Another example of how to dilute supremely important issues by splashing cooked up scandals is the treatment meted out to the decision on ‘memogate’ vs Malik Riaz’s allegations. The timing was almost perfect. The day the memogate commission report declared Hussain Haqqani guilty of colluding with the Americans, the very day Malik Riaz opened his loud mouth so loudly that all else became inaudible to the public. The memogate report is a controversial one. It allegedly involves the sovereignty of the country. It argues that people at the highest level sell their loyalties. It is an alleged question of the involvement of the president to negotiate the armed forces’ power for retaining his own power.

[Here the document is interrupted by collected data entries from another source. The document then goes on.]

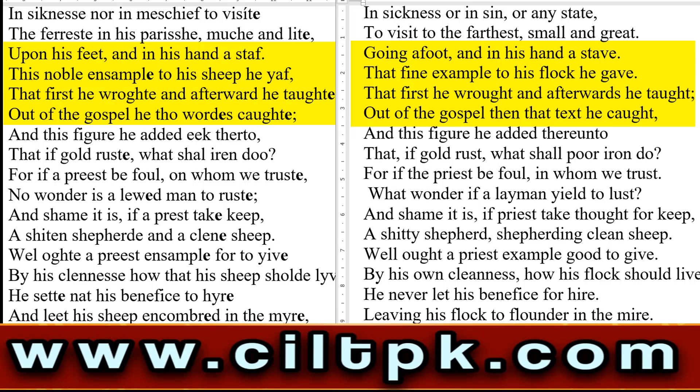अब बड़ी एहम example आ गई है — paper के point of view से भी आप ने यह کرنا ہے۔ रौट करेगा، मेहनत करेगा، प्रैक्टिस करेगा، और इसके बाद वो प्रीच करेगा، वो तबलीग करेगा। पहले खुद करके दिखाएगा، फिर तबलीग करेगा। 'Out of the gospel' — अंजील में से ही यह words caught — उसने ये लफ्ज़ लिये हुए थे। तो उसने ये लफ़्ज़ — पहले खुद अमल करना है، और बाद में उसको तबलीग करनी है۔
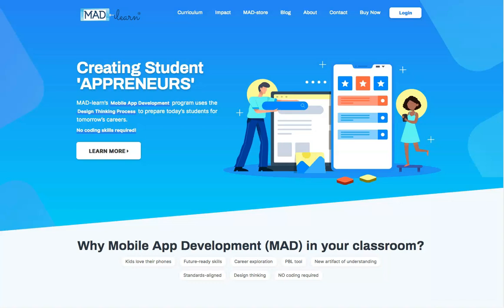Greetings and welcome to this introduction to MAD Learn. MAD Learn's mobile app development program uses the building of a mobile app as a vehicle to help students experience vital and transferable skills in a relevant and inspired way.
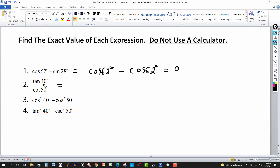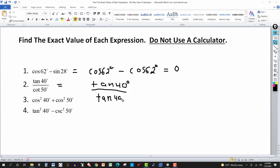For the next one, we have tangent(40°) over cotangent(50°). Tangent and cotangent are co-functions, and 40° and 50° are complementary. So cotangent(50°) equals tangent(40°). That gives us tangent(40°) over tangent(40°), which equals 1. Alternatively, tangent(40°) equals cotangent(50°), giving cotangent(50°) over cotangent(50°), which also equals 1. So the exact value of the second expression is 1.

It is an alleged invitation to the US to attack and disregard Pakistan’s independence and self-esteem. However, despite the report, it has become a backbencher as every TV channel is grabbing Malik Riaz and showing headlines of his declarations and making people so obsessed with what comes next that nobody seems to have noticed that a much more serious alleged offence is not even being discussed. If Arsalan Iftikhar has taken favours for leading a plush lifestyle, he should be punished.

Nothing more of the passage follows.